Igual que todos los proyectos “civilizadores” previos y posteriores, este terminó convirtiéndose en una guerra de la élite contra unas masas “salvajes” que no entendían las buenas intenciones de la primera ni aceptaban su dirección histórica. Y así como las masas (indígenas, sobre todo) no podían entender la intención de la élite, no se adaptaban a los modos de vida globalizados, a las identidades y los discursos modernos, igualmente la élite no podía entender a las masas, las hallaba atrasadas y necesitadas de tutela. Además suponía -tanto con convicción como por impostura- que su propuesta era la única capaz de poner al país en la contemporaneidad, la única capaz de superar las vergüenzas de su pasado. Y, entonces, cuando se enfrentó a una rebelión general en su contra, la élite tradujo a balas esa su incomprensión del entorno y esta su urgencia de imprimirle racionalidad a la sociedad
Una vez que se dispararon balas ese octubre, todo aquello que se había postulado como un nuevo pacto social, moderno e igualitario, liberado de la rémora señorial, incapaz de masacres y otros atavismos heredados de la antigua forma de dominación, basado en la supremacía del conocimiento, no de la fuerza, se mostró como lo que en realidad era: un mero artefacto ideológico que se había querido usar para civilizar, pero que no había guiado la reforma moral e intelectual en la propia élite. Esta -había que aceptarlo- continuaba siendo una oligarquía señorial, que pasaba súbitamente de las más avanzadas teorías sociales a las más vetustas maneras coloniales. Era una élite, justamente, “civilizadora” y predestinada a mandar.
Yo me había identificado con la élite neoliberal tras mi decepción del marxismo.
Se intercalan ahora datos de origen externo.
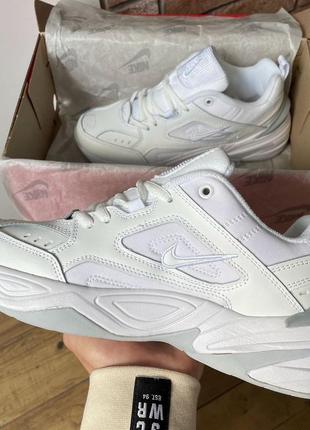 Nike m2k tekno2 фото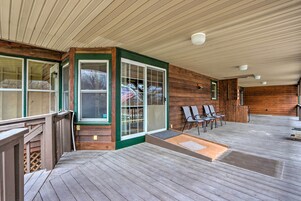 Apartment (3 Bedrooms) | Interior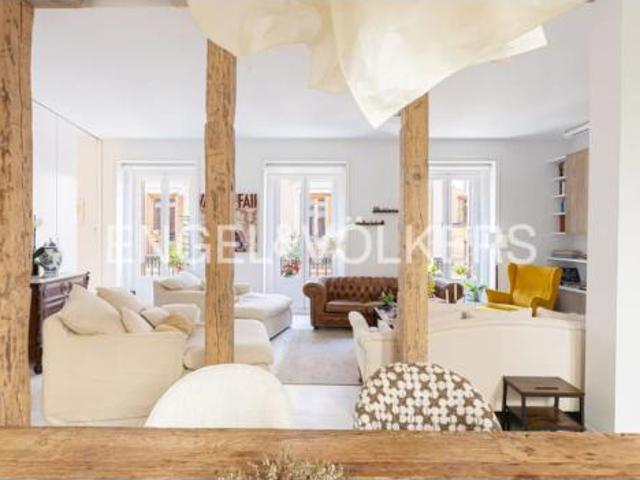Piso Venta Madrid Capital, Justicia Chueca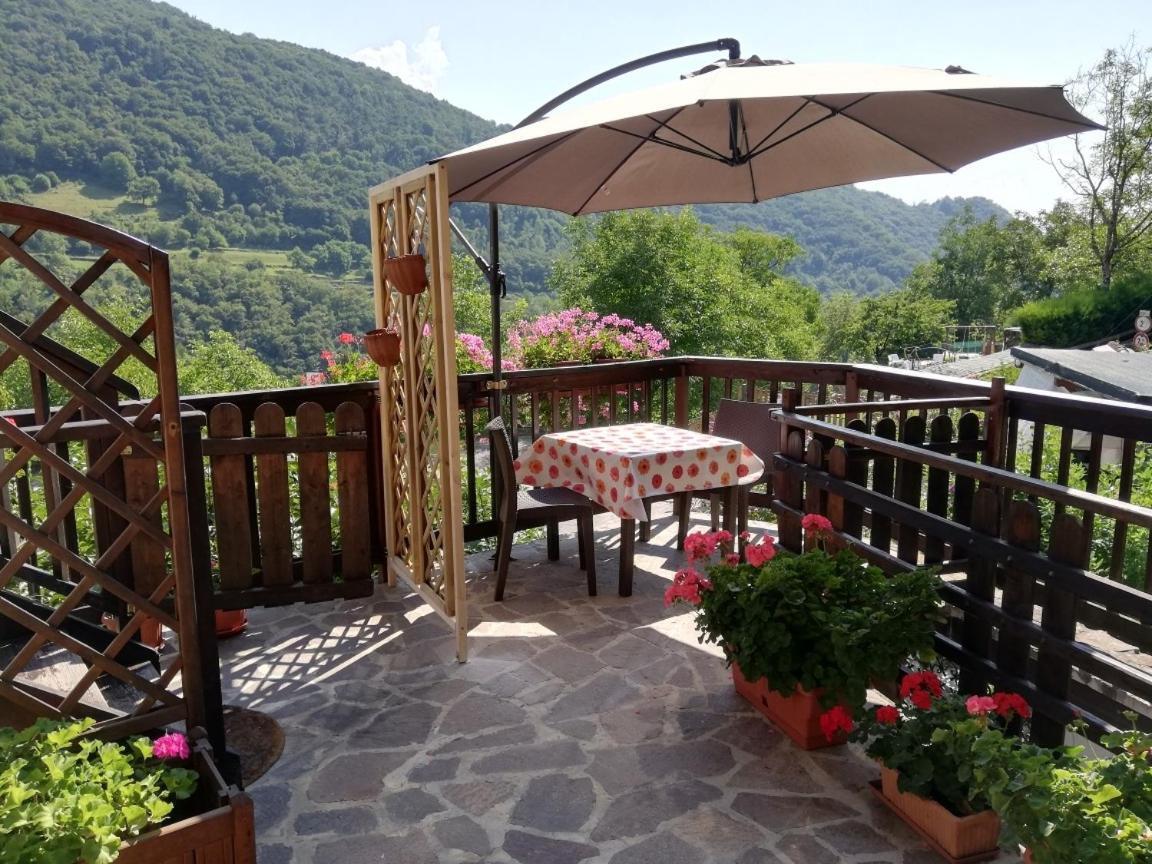 Antica Casa Ortensia Рива-дель-Гарда Экстерьер фото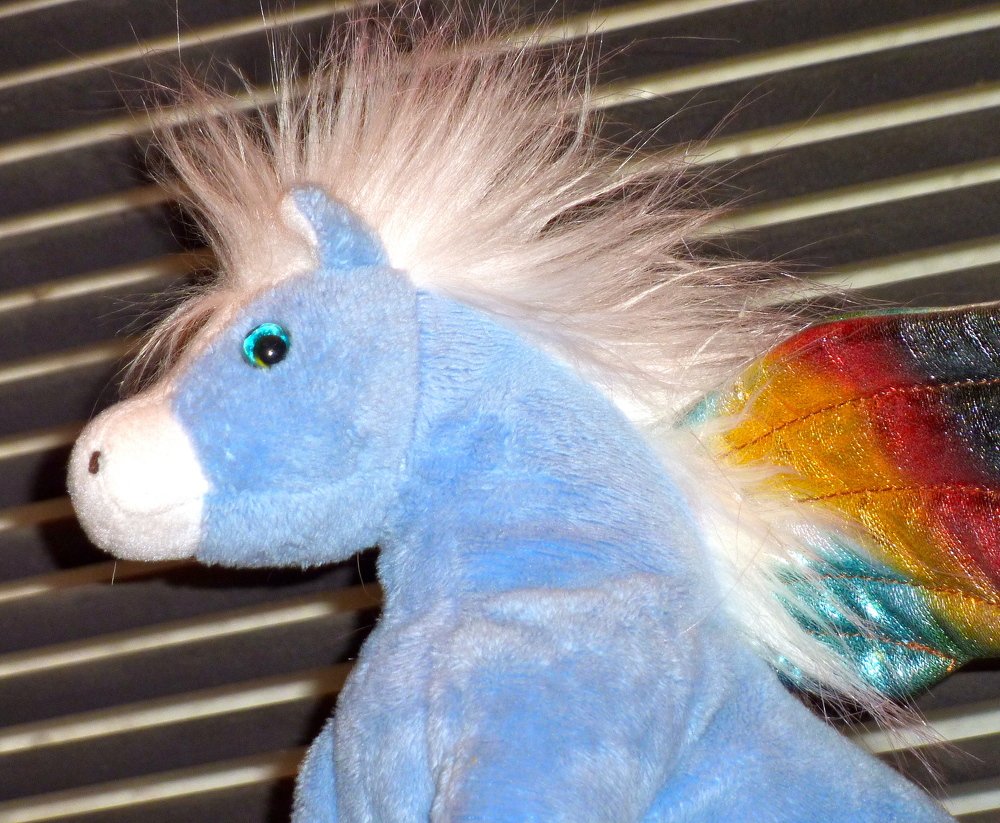 Photograph by Albert Russo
Era una identificación libresca, no tanto con la práctica como con la teoría de ese proyecto civilizador. Con el artefacto antes que con sus operadores. Pero no me engaño: una cosa me llevó a convalidar la otra, aunque fuera, como ya dije, con el silencio.
Tras octubre de 2003, me alejé del gonismo, incapaz de decir una palabra coherente y profunda sobre su propia tragedia y disolución, pero no perdí de inmediato mi deseo “civilizador”. Este continuó bajo la forma de una ideología de intelectuales: el liberalismo (no el libertarismo, en el que nunca creí), vertido en una suerte de pureza doctrinaria, exento de todas sus aplicaciones históricas concretas en Bolivia, inclusive del gonismo, que se había convertido en una “desviación” del proyecto en sí.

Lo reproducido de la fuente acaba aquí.